— ASSIGNMENT —
In the records below, find the line with "724 Beverage Hill" and repeat exactly every line from it through the line with "two keychains that". Pictures stay out.

— EXERCISE MATERIAL —
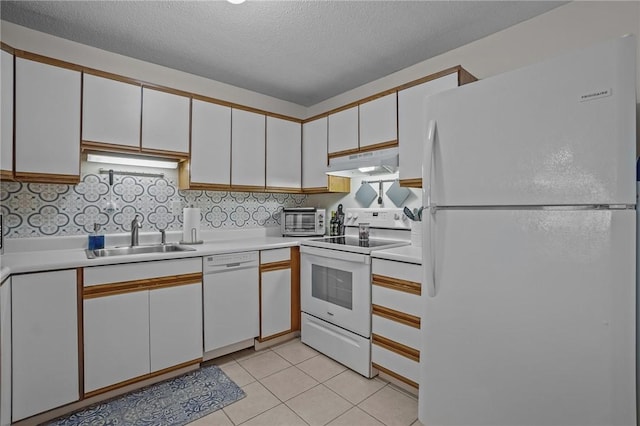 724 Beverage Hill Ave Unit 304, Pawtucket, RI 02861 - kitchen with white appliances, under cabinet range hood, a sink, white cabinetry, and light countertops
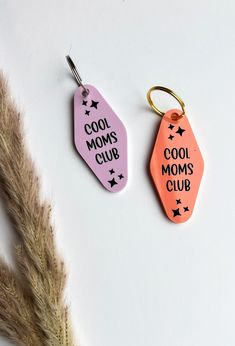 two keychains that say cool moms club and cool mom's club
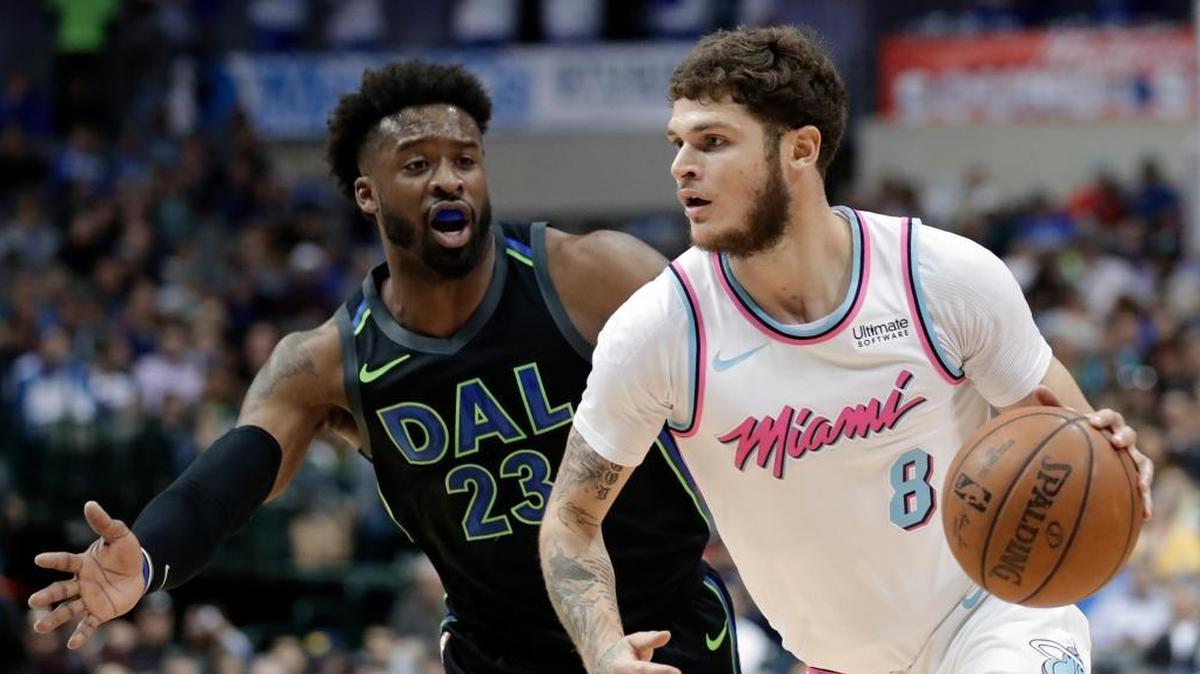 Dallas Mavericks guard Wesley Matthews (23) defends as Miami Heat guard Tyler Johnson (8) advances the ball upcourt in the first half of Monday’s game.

--

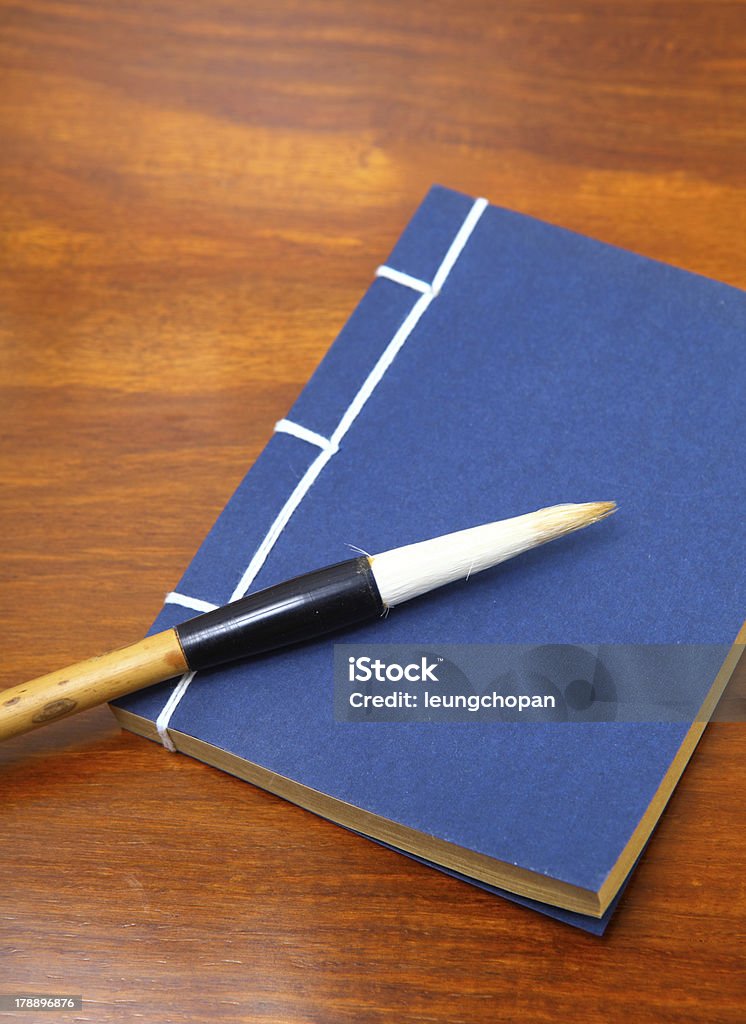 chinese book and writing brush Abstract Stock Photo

— EXERCISE RESULT —
 724 Beverage Hill Ave Unit 304, Pawtucket, RI 02861 - kitchen with white appliances, under cabinet range hood, a sink, white cabinetry, and light countertops
 two keychains that say cool moms club and cool mom's club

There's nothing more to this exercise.